## What this task involves
An exact, complete copy of the entries below is required, minus any pictures.
· · · · · · ·
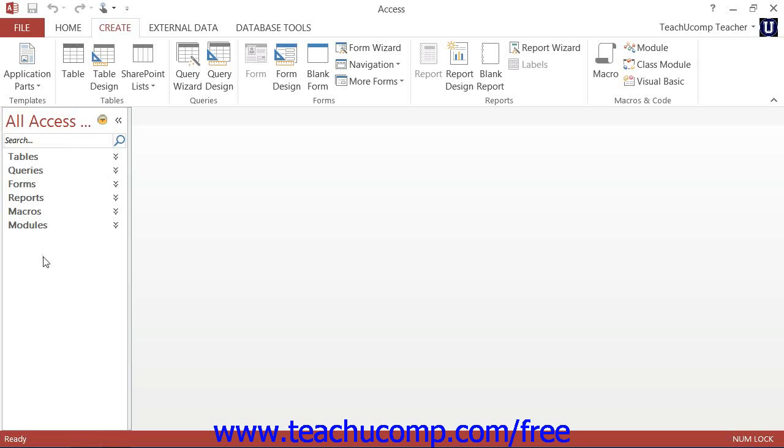Each type of database object is represented within the navigation pane. However, the view that is displayed by default within the navigation pane may not allow you to view all of the objects easily.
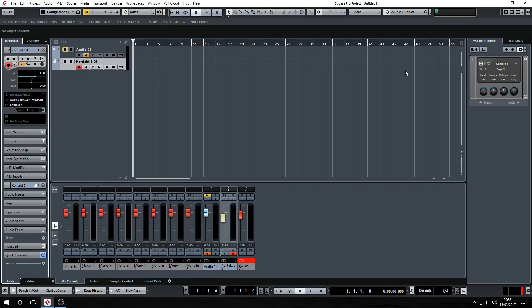You need to run it at 44.1 kHz, 16-bit when tracking with it to minimize latency. If you run higher sample rates like 88.2 or 96 kHz, you have to increase the buffer size to 256 or 512, so it's probably not as workable and usable at that point.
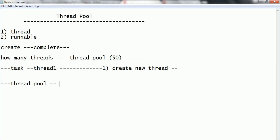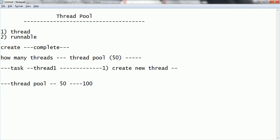Let us consider you created a thread pool with 50 threads and you have a requirement to serve 100 requests. What happens is the 50 threads will take the first 50 tasks, and the remaining 50 will be in the queue. Once the first 50 are served, it will pick up the next 50 tasks and try to execute them. This is the process of how it works internally.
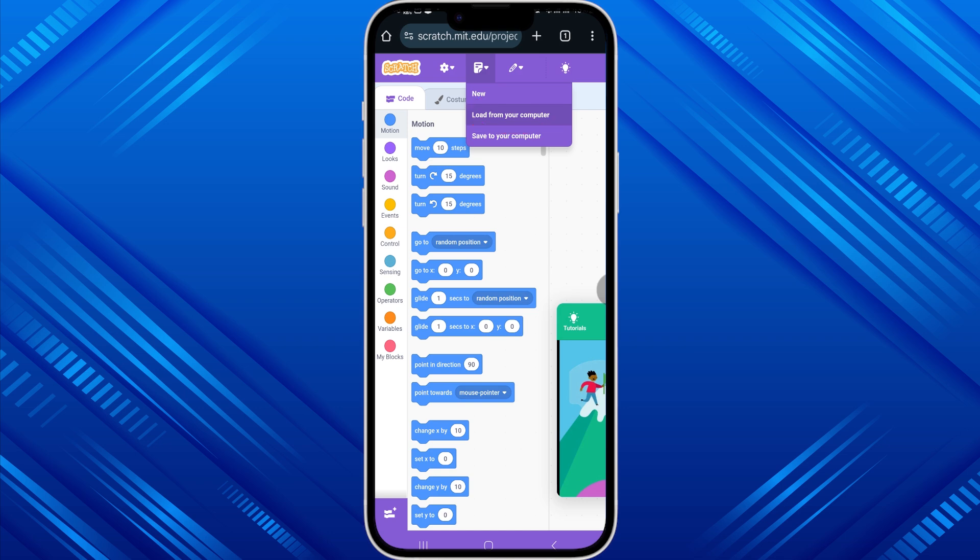Once you have done with the process, it will take some time and then you can easily play the game Sprunki. So this is how you can download itch.io games on iPhone. If this video is really helpful to you, don't forget to like the video and subscribe to the channel.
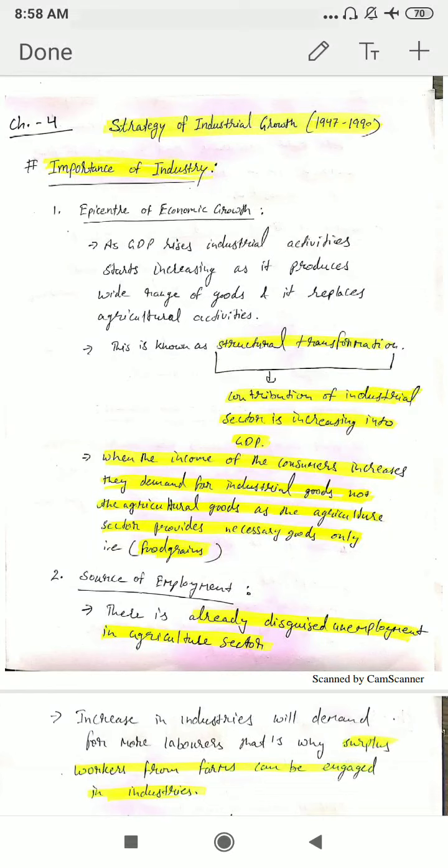We'll start with the first point: epicenter of economic growth. Epicenter means the focus point — it is saying that industries were the focus point of economic growth. As the GDP started rising after independence, the share of the industrial sector, the secondary sector, started rising in GDP, and this process is known as structural transformation.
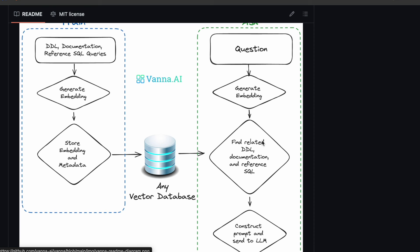Hi friends. In a previous video we had an introduction to Vanna and we looked at the demo created by Vanna. In today's video we will connect to our own database, train a model, and use that model to ask questions in natural language which get converted into SQL and executed on the database to get the results.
· · · · · · ·
## Expected output
Each type of database object is represented within the navigation pane. However, the view that is displayed by default within the navigation pane may not allow you to view all of the objects easily.
You need to run it at 44.1 kHz, 16-bit when tracking with it to minimize latency. If you run higher sample rates like 88.2 or 96 kHz, you have to increase the buffer size to 256 or 512, so it's probably not as workable and usable at that point.
Let us consider you created a thread pool with 50 threads and you have a requirement to serve 100 requests. What happens is the 50 threads will take the first 50 tasks, and the remaining 50 will be in the queue. Once the first 50 are served, it will pick up the next 50 tasks and try to execute them. This is the process of how it works internally.
Once you have done with the process, it will take some time and then you can easily play the game Sprunki. So this is how you can download itch.io games on iPhone. If this video is really helpful to you, don't forget to like the video and subscribe to the channel.
We'll start with the first point: epicenter of economic growth. Epicenter means the focus point — it is saying that industries were the focus point of economic growth. As the GDP started rising after independence, the share of the industrial sector, the secondary sector, started rising in GDP, and this process is known as structural transformation.
Hi friends. In a previous video we had an introduction to Vanna and we looked at the demo created by Vanna. In today's video we will connect to our own database, train a model, and use that model to ask questions in natural language which get converted into SQL and executed on the database to get the results.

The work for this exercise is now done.